= European Year for Development =

2015 was designated the European Year for Development by the European Parliament and the Council of the European Union in Decision No 472/2014/EU.

In 2015, the Millennium Development Goals (MDGs) came to an end and the process of defining an international development agenda to replace them culminated with the adoption of the 2030 Agenda for Sustainable Development, which includes a set of 17 Sustainable Development Goals. The United Nations Climate Change Conference COP21, which aims to achieve a global agreement on climate action, will also be held at the end of 2015.

In this context 2015 was considered a timely opportunity to raise awareness on the European Union's current development co-operation and to encourage engagement of EU citizens in development policy.

== Objectives ==
The objectives of the European Year for Development are to:

1. Inform Union citizens about EU development co-operation, the results that the EU, together with Member States, has achieved as a global player and will continue to pursue
2.
3. Foster direct involvement, critical thinking and active interest of Union citizens and stakeholders in development co-operation.
4.
5. Raise awareness of the mutual benefits of EU development co-operation, achieve a broader understanding of policy coherence for development and foster a sense of joint responsibility, solidarity and opportunity in an increasingly interdependent world.

== Target audience ==
The campaign aims to reach the broadest number of people in EU member states. While particular focus is placed on young people (primarily between 15 and 24 years old), other key target audiences include European development experts, academia, civil society in the 28 EU Member States, policy makers, media and the broader public.

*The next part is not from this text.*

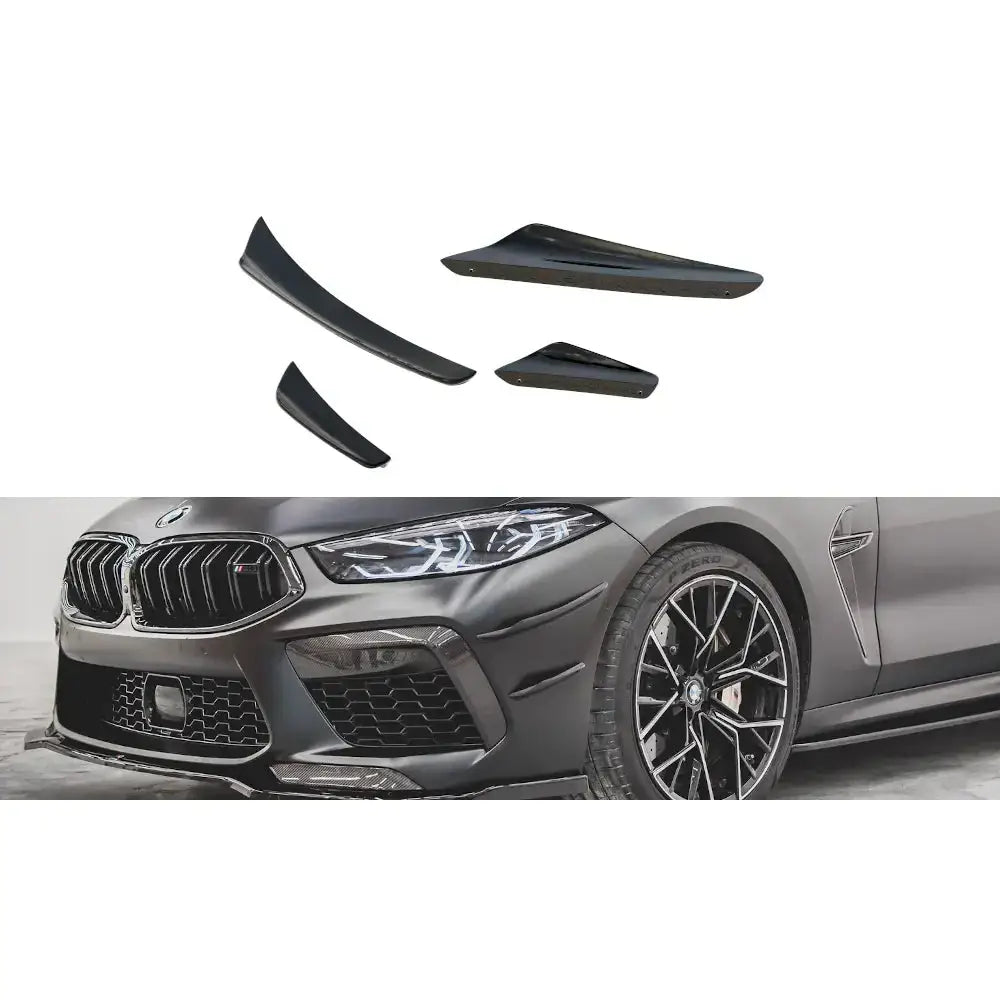 Vinger Canards Bmw M8 Gran Coupe F93 19-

=== Communication strategy ===
The EYD2015 is a synergistic campaign, coordinated by the European Commission and implemented in a decentralised manner in the participating EU member states and in partnership with other EU development stakeholders. Partners include EU institutions, international organisations, development NGOs, academia, private sector and among others. Central to the EYD2015 communication campaign are the principles of co-communication, co-branding and co-creation of content. Partners initiate and carry out their own EYD2015 activities in line with the EYD2015 objectives and make use of communication guidelines and toolkits provided by the European Commission.

The official EYD2015 website brings in one space all the elements of the EYD2015 campaign, featuring all participating organisations, a calendar of events at EU level and in the member states and stories and posts from all partners, showcasing the plurality of perspectives on EU development co-operation.

The EYD2015 Twitter and Facebook accounts are curated by campaign partners in turns of one week.

Every month was dedicated to a theme inspired by the UN Observances Weeks and Months:
1. January - Europe in the World
2. February - Education
3. March - Women and Girls
4. April - Health
5. May - Peace and Security
6. June - Sustainable Green Growth, Decent Jobs and Businesses
7. July - Children and Youth
8. August - Humanitarian Aid
9. September - Demography and Migration
10. October - Food Security
11. November - Sustainable Development and Climate Change
12. December - Human Rights

== Campaign activities ==
Throughout 2015, numerous activities took place across Europe aimed at raising awareness, informing and engaging EU citizens in development co-operation. Hundreds of EYD2015 events were organised throughout Europe (at least 700 listed on the EYD2015 website), reaching millions of people, especially youth.

Campaign activities included dedicated EU development days, development storytelling, education materials for students, social media campaigns, special edition newspapers, public debates, movie screenings, initiatives with schools and universities, competitions, exhibitions, flash mobs, road tours and much more in all EU member states.

Examples include

Afropean+, a one-day public event (17 January) dedicated to interculturality which marked the opening of the European Year for Development in Brussels. Activities included concerts, film screenings, debates, a craft fair and exhibitions.

Distribution in 18 EU member states of a special edition of the EYD Days publication, which focuses on positive stories from the development countries in order convey the idea that ending poverty is not impossible.

Kapuscinski Development Lectures, a series of lectures and discussions with influential thinkers and public figures on development issues. The high-level events contribute to the debate and formulation of the European development policy. They are also live streamed online.

The ninth edition of European Development Days (EDD), Europe's leading forum on development and international co-operation, was held on 3 and 4 June in Brussels and was attended by over 5000 participants. The headline theme under which the panel discussions, special addresses, workshops and press conferences took place, was "Our world, our dignity, our future", the motto of the European Year for Development.